(Pictures with short captions)

———

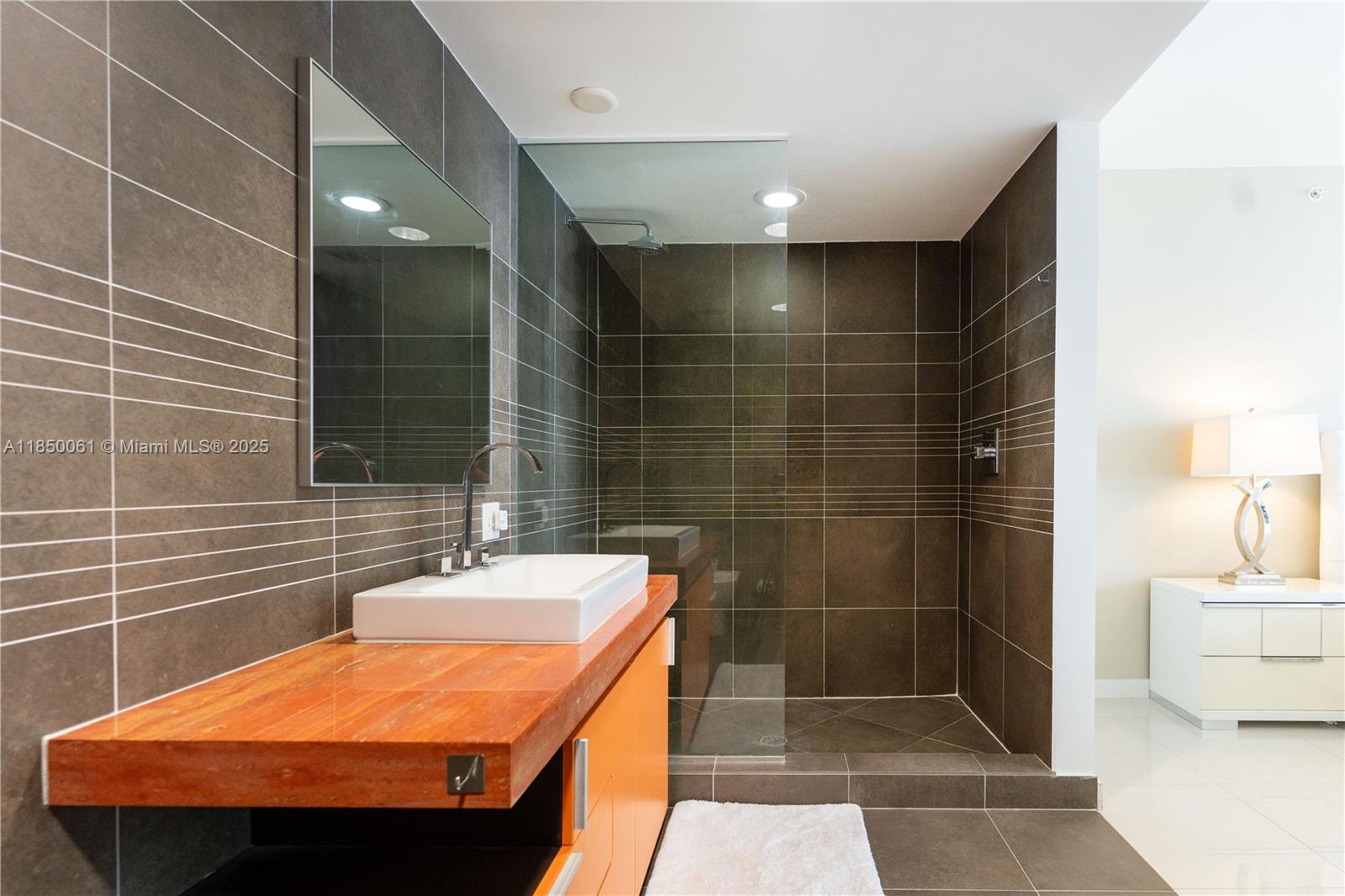 2155 Washington Ct #207, Miami Beach FL 33139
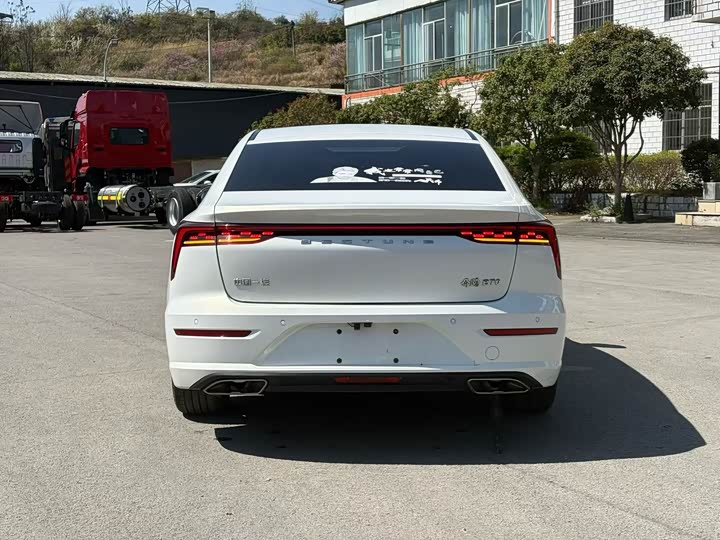 Фото 8 - Bestune B70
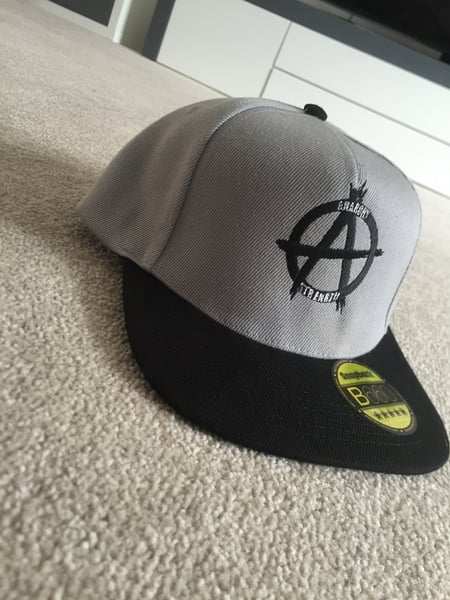 Image of Snapback cap 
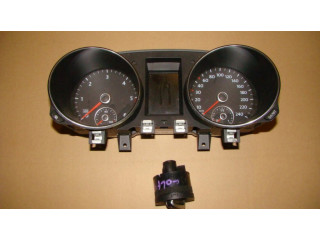 Панель приборов 5K0920870C   Volkswagen Golf VI       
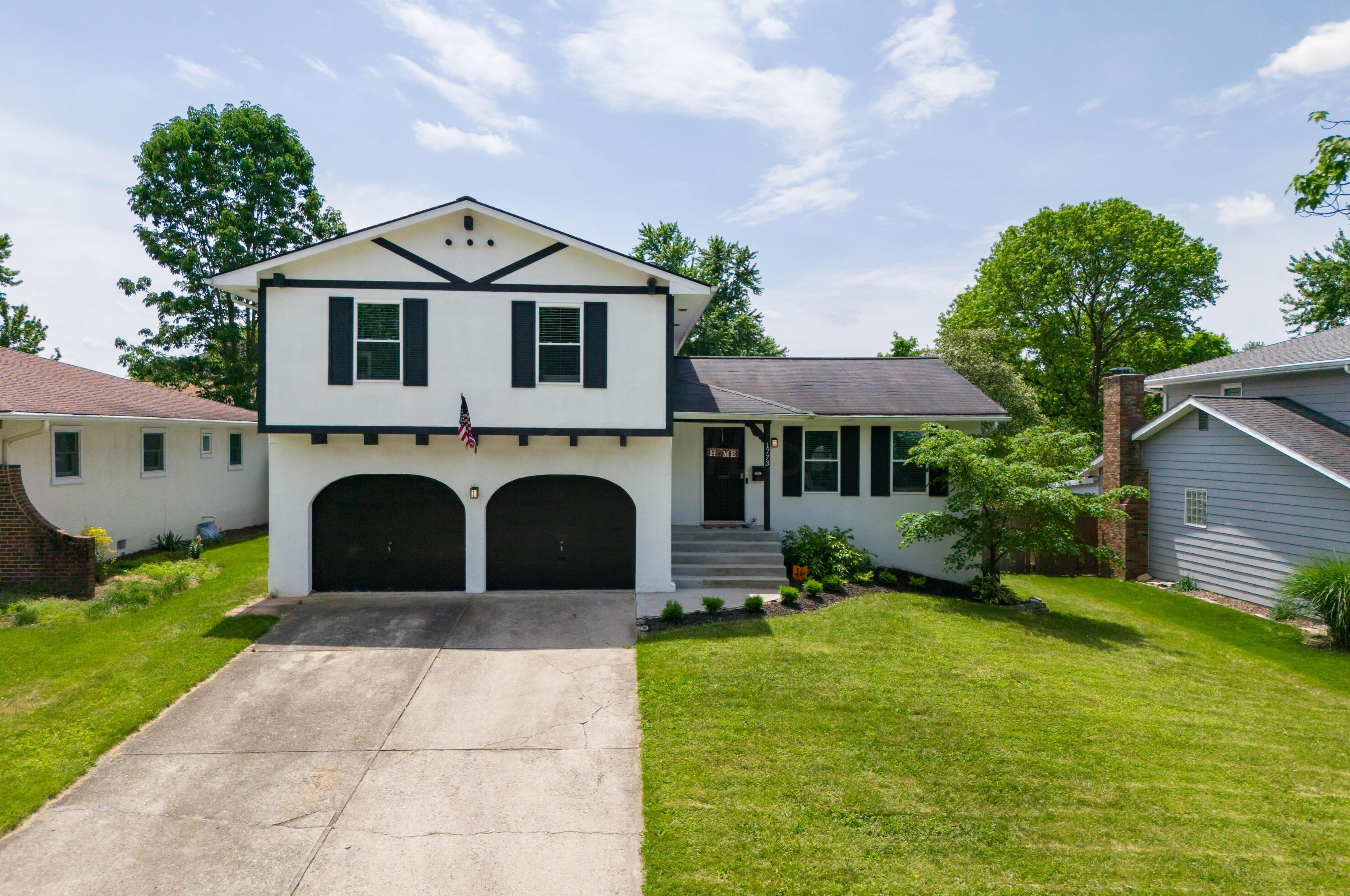 1773 Staffordshire Rd, Columbus OH 43229-2141 exterior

———

Brief |
Output each entry exactly. Skip the pictures.

Solved exercise |
 2155 Washington Ct #207, Miami Beach FL 33139
 Фото 8 - Bestune B70
 Image of Snapback cap 
 Панель приборов 5K0920870C   Volkswagen Golf VI       
 1773 Staffordshire Rd, Columbus OH 43229-2141 exterior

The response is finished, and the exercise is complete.